- **Record set**:
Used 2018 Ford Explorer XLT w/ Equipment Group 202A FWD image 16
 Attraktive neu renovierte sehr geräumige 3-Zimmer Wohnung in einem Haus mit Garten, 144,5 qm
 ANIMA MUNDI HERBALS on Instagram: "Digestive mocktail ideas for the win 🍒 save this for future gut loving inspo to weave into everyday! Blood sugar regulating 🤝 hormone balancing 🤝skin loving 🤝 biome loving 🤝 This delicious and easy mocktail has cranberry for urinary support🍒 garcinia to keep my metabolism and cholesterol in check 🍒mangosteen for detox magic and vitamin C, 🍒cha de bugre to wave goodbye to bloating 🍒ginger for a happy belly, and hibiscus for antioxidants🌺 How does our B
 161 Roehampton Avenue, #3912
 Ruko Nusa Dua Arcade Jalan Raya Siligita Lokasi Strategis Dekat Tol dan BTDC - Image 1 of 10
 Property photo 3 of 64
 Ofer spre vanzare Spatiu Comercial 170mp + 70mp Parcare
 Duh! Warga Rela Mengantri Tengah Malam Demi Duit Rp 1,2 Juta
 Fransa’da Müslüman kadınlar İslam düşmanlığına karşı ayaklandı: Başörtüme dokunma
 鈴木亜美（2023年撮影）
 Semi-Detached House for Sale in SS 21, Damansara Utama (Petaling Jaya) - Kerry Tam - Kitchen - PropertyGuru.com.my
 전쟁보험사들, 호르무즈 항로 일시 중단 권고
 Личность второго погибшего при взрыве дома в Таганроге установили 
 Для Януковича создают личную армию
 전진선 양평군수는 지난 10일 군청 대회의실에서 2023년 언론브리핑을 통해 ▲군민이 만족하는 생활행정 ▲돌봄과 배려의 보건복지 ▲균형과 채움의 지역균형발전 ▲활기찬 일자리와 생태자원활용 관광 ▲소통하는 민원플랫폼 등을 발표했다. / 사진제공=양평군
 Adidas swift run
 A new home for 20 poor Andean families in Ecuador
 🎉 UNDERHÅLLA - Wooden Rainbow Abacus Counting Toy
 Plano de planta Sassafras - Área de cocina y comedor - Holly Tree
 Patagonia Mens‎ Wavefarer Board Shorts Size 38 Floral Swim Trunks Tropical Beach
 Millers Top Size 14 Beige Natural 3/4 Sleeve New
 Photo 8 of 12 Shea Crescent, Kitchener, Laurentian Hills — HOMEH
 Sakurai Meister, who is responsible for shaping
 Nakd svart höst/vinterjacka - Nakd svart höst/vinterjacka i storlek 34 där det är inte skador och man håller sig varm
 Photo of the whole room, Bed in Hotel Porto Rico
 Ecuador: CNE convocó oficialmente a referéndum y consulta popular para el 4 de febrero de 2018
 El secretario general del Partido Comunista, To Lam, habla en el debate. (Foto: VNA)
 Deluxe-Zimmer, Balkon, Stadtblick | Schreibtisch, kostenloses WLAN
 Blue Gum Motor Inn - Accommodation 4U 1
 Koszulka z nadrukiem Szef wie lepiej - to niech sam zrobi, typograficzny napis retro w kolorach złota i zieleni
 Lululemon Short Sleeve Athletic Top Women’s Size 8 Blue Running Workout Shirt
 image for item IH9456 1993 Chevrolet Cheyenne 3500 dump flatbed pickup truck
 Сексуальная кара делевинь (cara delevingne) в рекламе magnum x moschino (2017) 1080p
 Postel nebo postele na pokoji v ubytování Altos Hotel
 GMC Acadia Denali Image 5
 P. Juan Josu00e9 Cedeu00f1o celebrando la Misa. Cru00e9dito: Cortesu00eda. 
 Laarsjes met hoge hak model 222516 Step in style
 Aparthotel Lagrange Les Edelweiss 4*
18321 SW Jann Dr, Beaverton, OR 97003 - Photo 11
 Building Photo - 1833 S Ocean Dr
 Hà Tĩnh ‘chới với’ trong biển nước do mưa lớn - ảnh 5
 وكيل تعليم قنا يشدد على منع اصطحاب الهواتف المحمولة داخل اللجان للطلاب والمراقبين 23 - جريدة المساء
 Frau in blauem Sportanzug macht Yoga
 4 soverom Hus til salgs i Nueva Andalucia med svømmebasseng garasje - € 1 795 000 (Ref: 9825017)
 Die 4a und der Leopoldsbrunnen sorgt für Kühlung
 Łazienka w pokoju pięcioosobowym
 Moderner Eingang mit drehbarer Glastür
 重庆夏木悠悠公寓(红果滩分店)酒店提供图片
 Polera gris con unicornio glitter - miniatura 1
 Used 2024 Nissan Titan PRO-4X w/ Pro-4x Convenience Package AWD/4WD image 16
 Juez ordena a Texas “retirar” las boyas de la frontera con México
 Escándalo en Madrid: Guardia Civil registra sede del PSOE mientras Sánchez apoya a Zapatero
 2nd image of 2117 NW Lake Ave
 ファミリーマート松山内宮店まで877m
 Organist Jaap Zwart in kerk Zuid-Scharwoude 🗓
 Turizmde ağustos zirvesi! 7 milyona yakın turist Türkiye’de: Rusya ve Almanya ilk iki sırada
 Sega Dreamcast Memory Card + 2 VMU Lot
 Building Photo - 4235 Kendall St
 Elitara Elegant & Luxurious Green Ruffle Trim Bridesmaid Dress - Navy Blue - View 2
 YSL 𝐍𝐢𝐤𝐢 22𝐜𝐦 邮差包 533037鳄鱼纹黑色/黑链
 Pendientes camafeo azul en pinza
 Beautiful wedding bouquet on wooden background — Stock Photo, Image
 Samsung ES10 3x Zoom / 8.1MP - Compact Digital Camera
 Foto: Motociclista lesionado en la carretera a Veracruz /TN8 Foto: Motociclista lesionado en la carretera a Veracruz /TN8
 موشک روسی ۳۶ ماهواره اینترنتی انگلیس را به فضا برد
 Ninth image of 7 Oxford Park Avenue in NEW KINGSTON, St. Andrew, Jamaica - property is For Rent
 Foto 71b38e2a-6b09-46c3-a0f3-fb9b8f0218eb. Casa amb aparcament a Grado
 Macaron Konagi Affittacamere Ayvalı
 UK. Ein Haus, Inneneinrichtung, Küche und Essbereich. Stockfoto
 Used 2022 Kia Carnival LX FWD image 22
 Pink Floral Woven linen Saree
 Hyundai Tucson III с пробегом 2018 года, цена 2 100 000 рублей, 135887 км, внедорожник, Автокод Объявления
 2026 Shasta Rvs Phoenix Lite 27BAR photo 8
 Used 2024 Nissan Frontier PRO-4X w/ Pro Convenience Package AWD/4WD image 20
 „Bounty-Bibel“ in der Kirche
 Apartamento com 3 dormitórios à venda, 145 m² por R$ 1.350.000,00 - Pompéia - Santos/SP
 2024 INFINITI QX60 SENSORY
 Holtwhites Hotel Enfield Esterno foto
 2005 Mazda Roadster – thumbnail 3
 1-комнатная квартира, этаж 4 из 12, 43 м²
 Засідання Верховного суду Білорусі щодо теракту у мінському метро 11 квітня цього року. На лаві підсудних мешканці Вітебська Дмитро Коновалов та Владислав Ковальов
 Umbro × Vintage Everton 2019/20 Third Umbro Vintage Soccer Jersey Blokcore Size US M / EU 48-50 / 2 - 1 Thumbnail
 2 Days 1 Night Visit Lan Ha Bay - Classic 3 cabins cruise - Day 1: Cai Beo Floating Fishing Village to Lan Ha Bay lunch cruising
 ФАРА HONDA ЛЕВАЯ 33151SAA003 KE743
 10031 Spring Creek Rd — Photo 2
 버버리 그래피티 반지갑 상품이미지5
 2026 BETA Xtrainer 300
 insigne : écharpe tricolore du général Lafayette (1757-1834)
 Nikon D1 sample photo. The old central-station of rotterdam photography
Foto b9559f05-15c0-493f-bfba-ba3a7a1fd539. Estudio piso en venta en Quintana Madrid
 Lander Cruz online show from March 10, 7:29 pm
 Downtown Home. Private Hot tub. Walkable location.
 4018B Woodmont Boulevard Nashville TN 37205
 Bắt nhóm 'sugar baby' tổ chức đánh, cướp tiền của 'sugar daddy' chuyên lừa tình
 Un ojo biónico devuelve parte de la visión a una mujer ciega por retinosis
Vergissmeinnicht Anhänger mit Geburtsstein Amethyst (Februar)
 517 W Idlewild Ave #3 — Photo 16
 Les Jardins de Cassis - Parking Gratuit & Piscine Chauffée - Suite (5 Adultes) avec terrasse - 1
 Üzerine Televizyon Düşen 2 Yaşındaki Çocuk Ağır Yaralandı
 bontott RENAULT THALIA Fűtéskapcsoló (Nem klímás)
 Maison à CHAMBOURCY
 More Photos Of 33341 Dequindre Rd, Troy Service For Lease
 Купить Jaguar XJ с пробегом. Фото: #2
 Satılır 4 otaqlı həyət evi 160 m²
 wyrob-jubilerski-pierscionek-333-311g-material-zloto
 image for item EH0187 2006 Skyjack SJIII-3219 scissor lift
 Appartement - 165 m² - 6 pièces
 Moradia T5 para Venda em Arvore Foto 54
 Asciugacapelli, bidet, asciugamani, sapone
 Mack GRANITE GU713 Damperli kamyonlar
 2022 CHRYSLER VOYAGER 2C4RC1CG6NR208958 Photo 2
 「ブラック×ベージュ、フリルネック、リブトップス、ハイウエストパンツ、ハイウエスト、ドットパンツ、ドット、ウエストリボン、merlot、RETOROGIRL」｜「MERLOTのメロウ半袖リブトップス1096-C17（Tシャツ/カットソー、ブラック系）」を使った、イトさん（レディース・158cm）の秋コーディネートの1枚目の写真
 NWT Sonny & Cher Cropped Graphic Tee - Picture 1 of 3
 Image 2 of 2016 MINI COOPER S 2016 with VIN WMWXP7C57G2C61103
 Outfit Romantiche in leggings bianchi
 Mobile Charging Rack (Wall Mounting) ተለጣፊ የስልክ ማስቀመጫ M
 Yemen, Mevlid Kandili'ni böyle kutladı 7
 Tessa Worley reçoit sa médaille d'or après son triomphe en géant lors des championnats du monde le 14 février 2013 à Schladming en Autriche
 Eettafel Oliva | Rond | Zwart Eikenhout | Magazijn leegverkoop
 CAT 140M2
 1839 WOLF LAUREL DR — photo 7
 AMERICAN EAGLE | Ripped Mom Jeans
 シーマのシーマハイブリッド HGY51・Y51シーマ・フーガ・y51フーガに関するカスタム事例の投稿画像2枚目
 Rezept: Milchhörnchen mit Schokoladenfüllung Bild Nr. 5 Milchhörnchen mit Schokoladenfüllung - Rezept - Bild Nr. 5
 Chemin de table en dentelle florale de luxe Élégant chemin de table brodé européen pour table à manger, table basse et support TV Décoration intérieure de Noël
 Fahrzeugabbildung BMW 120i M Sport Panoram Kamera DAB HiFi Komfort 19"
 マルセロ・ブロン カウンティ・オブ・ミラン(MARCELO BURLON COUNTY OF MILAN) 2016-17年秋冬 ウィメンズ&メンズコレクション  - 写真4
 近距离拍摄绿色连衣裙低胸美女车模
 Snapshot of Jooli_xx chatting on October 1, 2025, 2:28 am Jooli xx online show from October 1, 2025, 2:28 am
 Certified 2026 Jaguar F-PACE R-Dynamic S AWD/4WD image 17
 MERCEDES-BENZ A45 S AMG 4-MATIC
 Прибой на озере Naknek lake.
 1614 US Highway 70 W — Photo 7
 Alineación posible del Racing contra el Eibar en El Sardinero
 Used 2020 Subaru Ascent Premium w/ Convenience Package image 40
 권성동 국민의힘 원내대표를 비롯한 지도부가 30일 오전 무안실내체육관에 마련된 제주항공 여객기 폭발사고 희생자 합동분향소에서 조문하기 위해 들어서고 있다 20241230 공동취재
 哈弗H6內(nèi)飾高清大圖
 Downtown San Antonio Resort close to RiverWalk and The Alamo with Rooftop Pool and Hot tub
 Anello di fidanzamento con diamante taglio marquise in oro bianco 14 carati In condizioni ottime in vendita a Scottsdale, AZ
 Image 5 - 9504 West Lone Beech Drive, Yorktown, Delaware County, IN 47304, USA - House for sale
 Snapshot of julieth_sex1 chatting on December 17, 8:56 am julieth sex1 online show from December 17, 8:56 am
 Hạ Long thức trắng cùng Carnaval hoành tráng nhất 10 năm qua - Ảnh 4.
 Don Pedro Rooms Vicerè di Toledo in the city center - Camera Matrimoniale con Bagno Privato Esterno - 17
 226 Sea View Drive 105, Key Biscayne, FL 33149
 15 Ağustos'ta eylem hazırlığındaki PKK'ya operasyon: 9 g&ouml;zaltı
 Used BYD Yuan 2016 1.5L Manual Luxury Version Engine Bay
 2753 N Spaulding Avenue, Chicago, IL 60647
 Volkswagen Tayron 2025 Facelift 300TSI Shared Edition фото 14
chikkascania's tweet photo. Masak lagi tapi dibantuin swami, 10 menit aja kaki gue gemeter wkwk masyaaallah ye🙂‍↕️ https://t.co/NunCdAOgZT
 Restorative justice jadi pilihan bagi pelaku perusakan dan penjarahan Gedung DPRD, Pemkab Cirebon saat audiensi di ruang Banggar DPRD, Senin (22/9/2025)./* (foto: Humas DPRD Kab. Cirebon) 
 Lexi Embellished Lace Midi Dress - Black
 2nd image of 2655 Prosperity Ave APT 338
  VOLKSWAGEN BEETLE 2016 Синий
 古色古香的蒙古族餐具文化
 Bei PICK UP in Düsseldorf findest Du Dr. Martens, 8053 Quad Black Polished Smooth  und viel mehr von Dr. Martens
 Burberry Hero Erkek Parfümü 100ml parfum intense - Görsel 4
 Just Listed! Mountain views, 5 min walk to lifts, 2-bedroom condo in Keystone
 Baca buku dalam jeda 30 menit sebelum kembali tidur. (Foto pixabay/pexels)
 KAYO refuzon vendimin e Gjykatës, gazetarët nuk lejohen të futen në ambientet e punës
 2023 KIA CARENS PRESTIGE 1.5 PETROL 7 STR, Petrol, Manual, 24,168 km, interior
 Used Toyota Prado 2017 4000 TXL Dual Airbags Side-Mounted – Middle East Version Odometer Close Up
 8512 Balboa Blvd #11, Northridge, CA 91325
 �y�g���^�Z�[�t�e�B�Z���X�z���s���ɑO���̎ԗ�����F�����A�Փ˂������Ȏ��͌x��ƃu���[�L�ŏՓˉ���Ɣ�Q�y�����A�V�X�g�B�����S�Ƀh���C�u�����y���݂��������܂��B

- **Task directions**: Copy range, inclusive: the line holding "Сексуальная кара делевинь" to the line holding "Polera gris con". Reproduce exactly those lines of the records above and no others.

- **Output for this task**:
 Сексуальная кара делевинь (cara delevingne) в рекламе magnum x moschino (2017) 1080p
 Postel nebo postele na pokoji v ubytování Altos Hotel
 GMC Acadia Denali Image 5
 P. Juan Josu00e9 Cedeu00f1o celebrando la Misa. Cru00e9dito: Cortesu00eda. 
 Laarsjes met hoge hak model 222516 Step in style
 Aparthotel Lagrange Les Edelweiss 4*
18321 SW Jann Dr, Beaverton, OR 97003 - Photo 11
 Building Photo - 1833 S Ocean Dr
 Hà Tĩnh ‘chới với’ trong biển nước do mưa lớn - ảnh 5
 وكيل تعليم قنا يشدد على منع اصطحاب الهواتف المحمولة داخل اللجان للطلاب والمراقبين 23 - جريدة المساء
 Frau in blauem Sportanzug macht Yoga
 4 soverom Hus til salgs i Nueva Andalucia med svømmebasseng garasje - € 1 795 000 (Ref: 9825017)
 Die 4a und der Leopoldsbrunnen sorgt für Kühlung
 Łazienka w pokoju pięcioosobowym
 Moderner Eingang mit drehbarer Glastür
 重庆夏木悠悠公寓(红果滩分店)酒店提供图片
 Polera gris con unicornio glitter - miniatura 1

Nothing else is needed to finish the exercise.